Naina Lal Kidwai, president of the Federation of Indian Chambers of Commerce and Industry (Ficci) – apart from being the India head of HSBC – says consolidation in the banking industry is a necessity, backing the finance minister P Chidambaram’s call.

Naina Lal Kidwai, president of the Federation of Indian Chambers of Commerce and Industry (Ficci) – apart from being the India head of HSBC – says consolidation in the banking industry is a necessity, backing the finance minister P Chidambaram’s call. In this first of a two-part interview (given in her role as the Ficci chief) with Megha Mandavia, Parnika Sokhi and Raj Nambisan, she dwells on what’s in store for the banking sector:

What is the view of the corporate and banking sectors on cash transfers?
It’s very positive. We have to go to a regime where money finds its way into the right hands. The scale of cash transfers will be lower initially because large swathes of India’s population are unbanked.

But it looks like a prized duchy  -- a big float business for banks…

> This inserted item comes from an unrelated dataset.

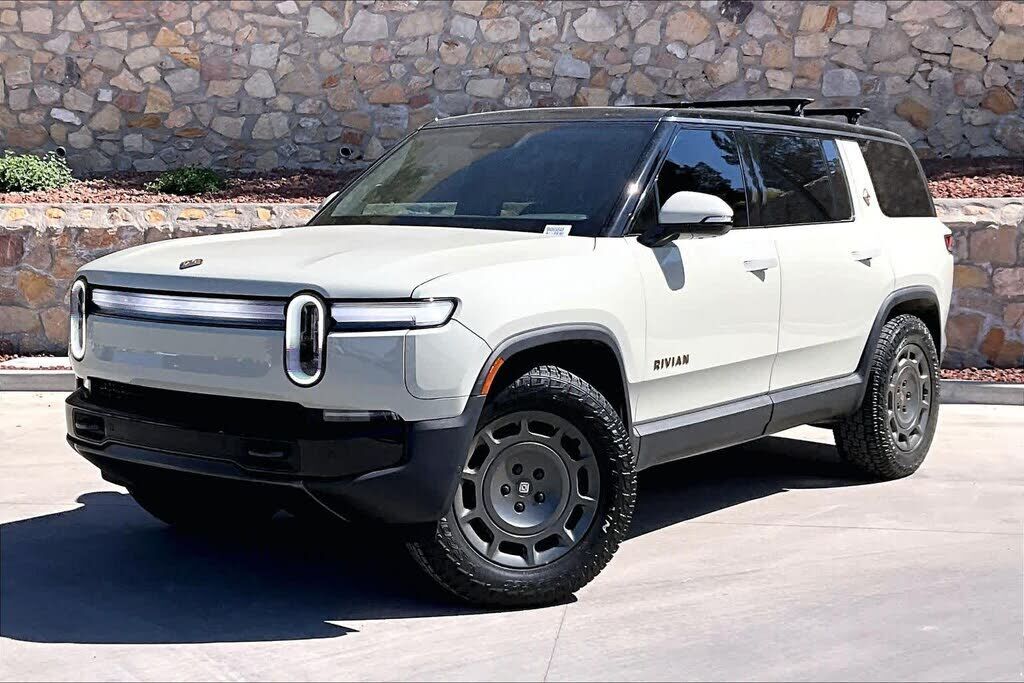 2025 RIVIAN R1S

I don’t think so. It will be more of a service to the nation. How much float do you think can come from someone who needs the cash for his daily bread? That beneficiary is going to withdraw all the money. I don’t think it is going to be a money-making proposition initially.

You say initially…

If years down the line, the individuals who are beneficiaries begin to keep money in deposits, then you will see the float. Right now there’s no low-hanging fruit … it’ll be more of a transaction. Interestingly, banking models elsewhere are shifting to online from brick & mortar, but we will be going the other way.

The finance minister has called for consolidation in banking? But we have seen the too-big-to-fail issues in the west…

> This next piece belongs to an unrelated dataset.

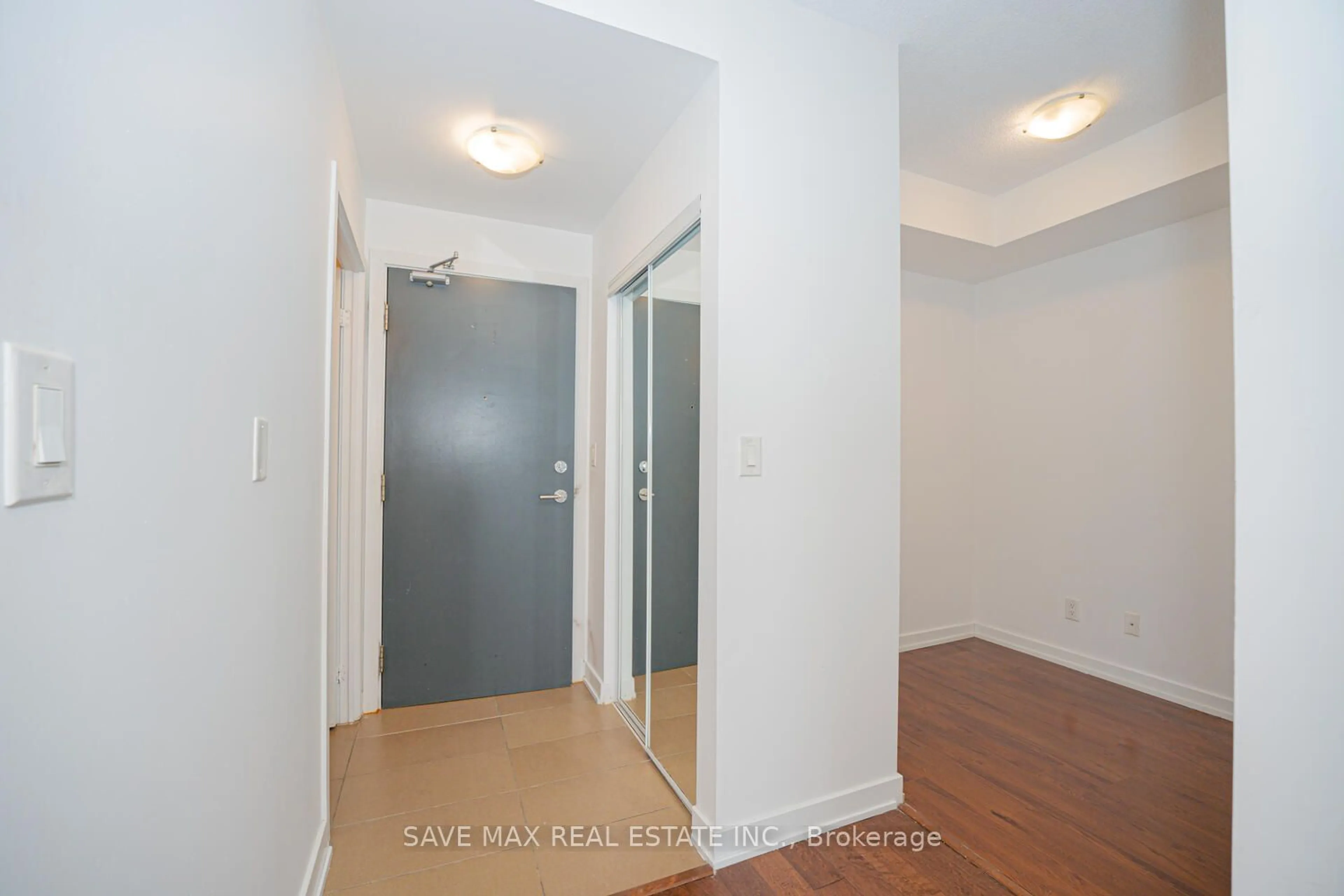 Indoor entryway for 4070 Confederation Pkwy #2908, Mississauga Ontario L5B 0E9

It has to happen. We are nowhere close to too-big-to-fail. We don’t have a single big bank in the global top 50. Even the State Bank of India barely makes the cut. My bigger worry is that the banking sector is not growing in tandem with the needs of our industry. With 70% of it in government’s hand, there’s no capital to nurture that 70%. And to rely on the fisc in order to fund isn’t right. The government needs to take a call at some stage whether it needs to own all the banks, or if there are some that it can let go and focus on just a few big ones. It needs to enable some consolidation and allow the big banks to emerge.

Is this just about balance sheet size? Will they be efficient?

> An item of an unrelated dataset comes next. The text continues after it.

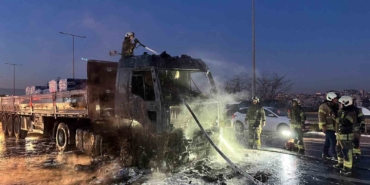 Alev topuna dönen tırdan geriye demir yığını kaldı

There’s no reason why they can’t be. There are many big efficient banks globally and we are very far from the scale. We have one bank in the global top 100 and that too in the 70s. China has 6 in the top 20. We can do a lot better because scale affords advantages of technology and delivery. I am not saying the world’s biggest bank needs to be Indian but we can certainly have more big banks in the top 100. Some consolidation is important. New banks will bring new technology. They may operate in specific niches like agriculture and speciality skills. New banks can bring representation to parts of the world where there is none.

A pure agri-bank? Is there one around?

It’s about a bank that understands the complete agricultural process. There’s Rabobank, for instance..

Isn’t that a cooperative model…
That’s fine because it works. They have a model which we can learn from. Banks are a huge knowledge base on what is working. Banks can handhold foreign partners/companies to India.

Will this be some kind of scaling up of RRBs?
RRBs (regional rural banks) are a whole different story. I don’t know many banks have the appetite to work through an RRB.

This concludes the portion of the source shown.